Nach der Pogromnacht des 9.11.1938 musste Berta Kahn ihre Wohnung in der Sängerstrasse verlassen und zog in ein „Judenhaus“ in der Urbanstrasse 116, wo sie in sehr beengten Verhältnissen lebte; den größten Teil ihrer Wohnungseinrichtung konnte sie nicht mitnehmen. Wenig ist darüber bekannt, wie sie in den folgenden beiden Jahren in Stuttgart lebte. Es folgte der erzwungene Namenszusatz Sarah, es folgten die zahllosen Einschränkungen, Schikanen und Entrechtungen, es folgte die Pflicht, den gelben Stern zu tragen.
Dokumentiert ist die Erinnerung ihrer früheren Vermieterin in der Sängerstrasse:
„Die Frau Kahn habe ich später einmal gesehen. Sie ließ in meinem Geschäft die Brille reparieren. Wir haben sicher nicht mehr als einige nichtssagende Worte gesprochen.
Sie war scheu und verschüchtert und sehr bescheiden.“
Ende November 1941 musste sich Berta Kahn – eine unter tausend württembergischen Jüdinnen und Juden – im Sammellager auf dem Killesberg einfinden, angeblich um in den Osten „umgesiedelt“ zu werden. Am 1. Dezember 1941 startete der Deportationszug nach Riga in Lettland, wo Juden aus vielen deutschen Städten im Ghetto zusammengepfercht wurden. Im März 1942 wurden dort etwa 1.900 Arbeitsunfähige selektiert, unter dem Vorwand, sie in Dunamünde bei leichter Arbeit in der Fischverarbeitung einzusetzen.
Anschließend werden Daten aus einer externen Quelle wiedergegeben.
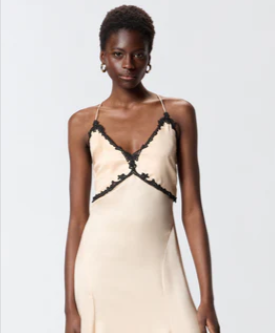donna che indossa vestito bianco da poter acquistare in offerta con un codice sconto PINKO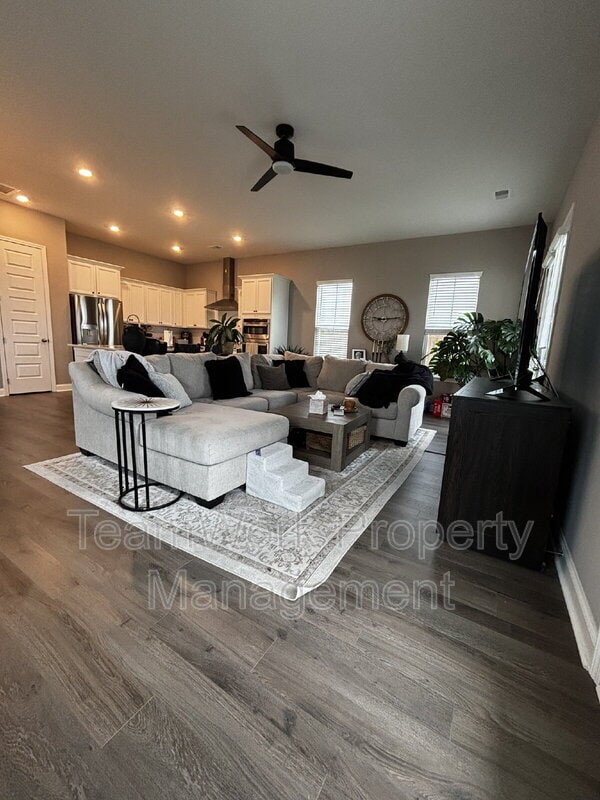 Building Photo - 214 Narrowleaf Ave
Sie wurden sie in den Wald von Bikerniki geschafft, dort erschossen und verscharrt.
Berta Kahn war 52 Jahre alt, als sie ermordet wurde. Ihr Enkel René Kahn kehrte Anfang der 70er-Jahre aus Bolivien nach Stuttgart zurück und engagiert sich hier für den Wiederaufbau jüdischen Lebens in Deutschland.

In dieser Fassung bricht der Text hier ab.